When I was traveling in Indonesia I read a travel book about Borneo, where it said the island could be crossed overland by traveling by boat, hiking for six days over the mountains in the center, and taking boats down the other side. It said it was difficult and a little expensive, but if you did it you would be one of few Westerners who had completed the trip. That didn’t sound too bad, so I got it in my head that I’d do it. When I later read some different opinions as to its difficulty it was too late to be sensible. The next book I read a few weeks later said the crossing is rarely done, then goes on to say "it takes two weeks of hiking to get to the halfway point. If your guides decide to continue on (what does that mean?) have them build a bamboo raft. After days of poling the shallow stream you’ll reach Long Apari." We also read some particularly choice quotes from other books, like: "The coast reaches 97 degrees with high humidity. It can get as uncomfortable here as any place in the world." "Drowning is a very real occupational hazard for a boatsmen on the Mahakam River." (What about their passengers?) "Seasonal flooding can be lethal. Rivers can double in size in an hour."

I was originally planning the trip alone, which would have been difficult, but was joined by Bill, a Canadian guy I’d met in Singapore.
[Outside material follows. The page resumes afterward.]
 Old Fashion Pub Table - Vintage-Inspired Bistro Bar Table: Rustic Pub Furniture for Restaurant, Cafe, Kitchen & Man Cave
A third guy had to pull out at the last minute, so it was just the two of us.

Borneo is the third largest island in the world, after Greenland and New Guinea. It is made up of Kalimantan, the Indonesian state that claims about three-fourths of the island, the Malaysian states of Sabah and Sarawak, the tiny sultanate of Brunei, which has the highest per-capita income in the world.

The island has a fascinating and violent history, including a long history of headhunting, which was widespread until the turn of the century and flared up in World War II (with encouragement from the government.) The Japanese invaded the island, and one of the successful campaigns of resistance was a British plan of "ten-bob-a-knob," ten British pounds paid for each Japanese soldier’s head taken.
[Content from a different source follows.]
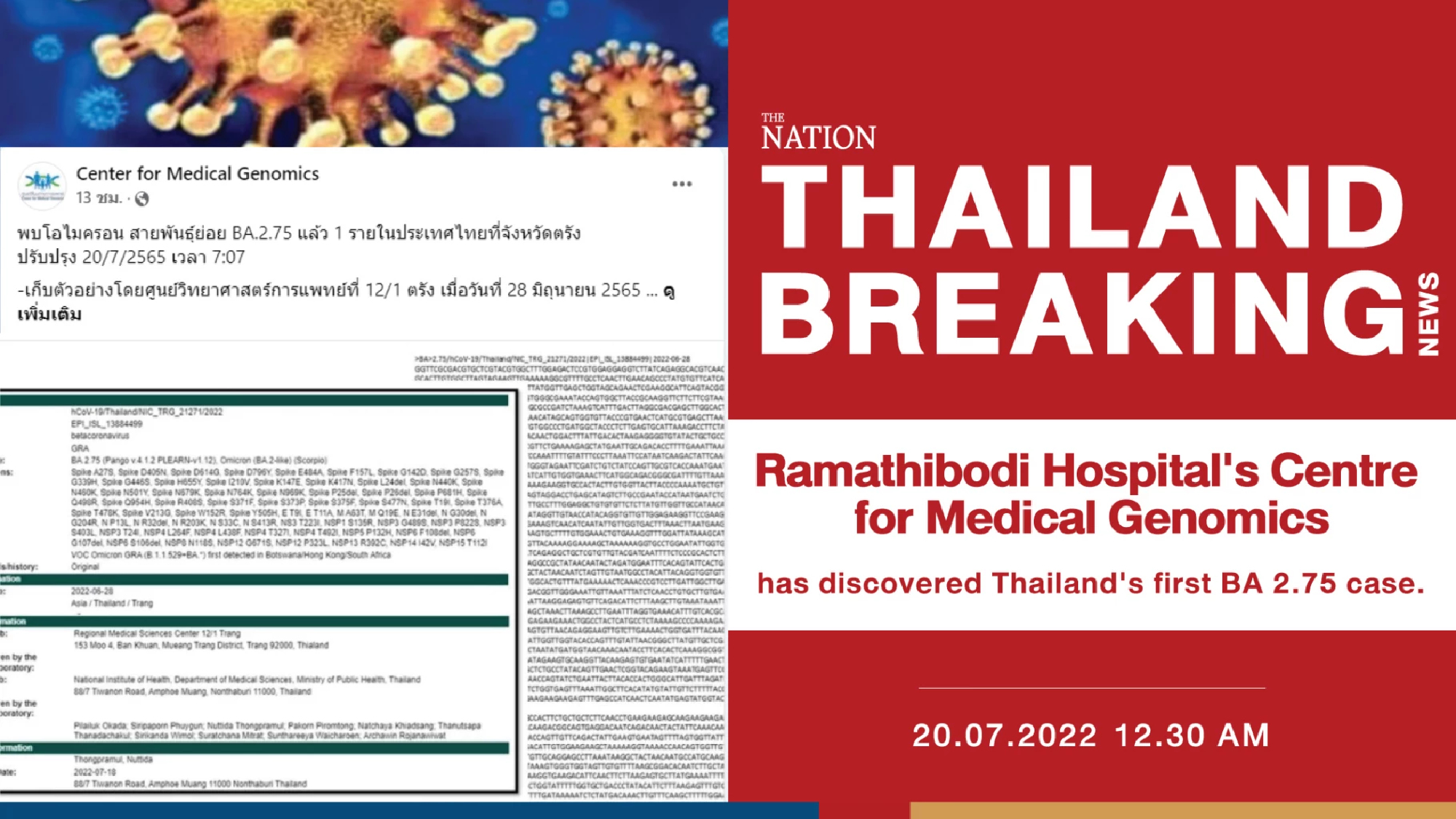 Ramathibodi discovers Thailand’s first Covid BA 2.75 case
The night before we were to leave Singapore, we read in the newspaper that flash floods in Borneo had drowned 25 people, with 70 people missing. We were unable to find out any more about it, and didn’t know to what extent it affected the areas we were going to.

We started our trip by flying from Singapore to the west coast of Borneo, a city named Pontianak, population 300,000. Our guidebook says that Pontianak means "vampire ghosts of women who died in childbirth." Why couldn’t it mean something like "big happy green trees?" Even "vampire ghosts" wouldn’t be so bad; that childbirth thing is a little much. Our hotel room was about two miles away from the equator, and yes, it was hot. We talked to a travel agent our book recommended, about traveling from west to east overland, and he said "no one, not one human being, has ever done it, but if you want to try, go ahead!" We knew people had, but it wasn’t very encouraging to hear what he had to say. He also told us that the upper reaches of the Kapuas River, where we were headed, were flooded, and it was impossible to go through now. An employee of his had just talked to his family there the day before. He suggested going in the dry season a few weeks later, which we considered but rejected.
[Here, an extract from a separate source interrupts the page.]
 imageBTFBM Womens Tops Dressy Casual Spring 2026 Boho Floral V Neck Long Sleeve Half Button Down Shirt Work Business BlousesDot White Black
At our hotel we met a guy who had heard through a friend about some Germans that had done what we planned. He said they were just completely exhausted when the completed the jungle trek, and one guy got dengue fever (pretty serious, I guess) and had to be almost carried out. Isn’t everyone just full of good news?

We took a bus from Pontianak to Sintang. In the first hour we saw a motorcycle rider being carried down the road unconscious and another bus on the side of the road with all the windows on one side blown out by the truck that sideswiped it. In Sintang we finally got some good news. We met a local who spoke good English, and he gave us some information about making the hike, people to talk in the next town who spoke English, and the costs we could expect. Because we had no way of knowing that most of what he said was inaccurate, we were pretty excited. The whole trip was that way. One day we’d thing it could be done, the next day it looked impossible.

From Sintang we took a fast public boat up to Putusibau, which is where public boat service ends. On the way up, while pulling away from a dock, the boat careened out of control and almost ran into a dock. Turns out it was a broken steering cable.

With great excitement, we looked up the three people in Putusibau who spoke English. The first, a travel agent, spoke less English than I do Indonesian. The second, a government official, was on vacation, and the third, a priest, was out of town. So much for that spurt of enthusiasm.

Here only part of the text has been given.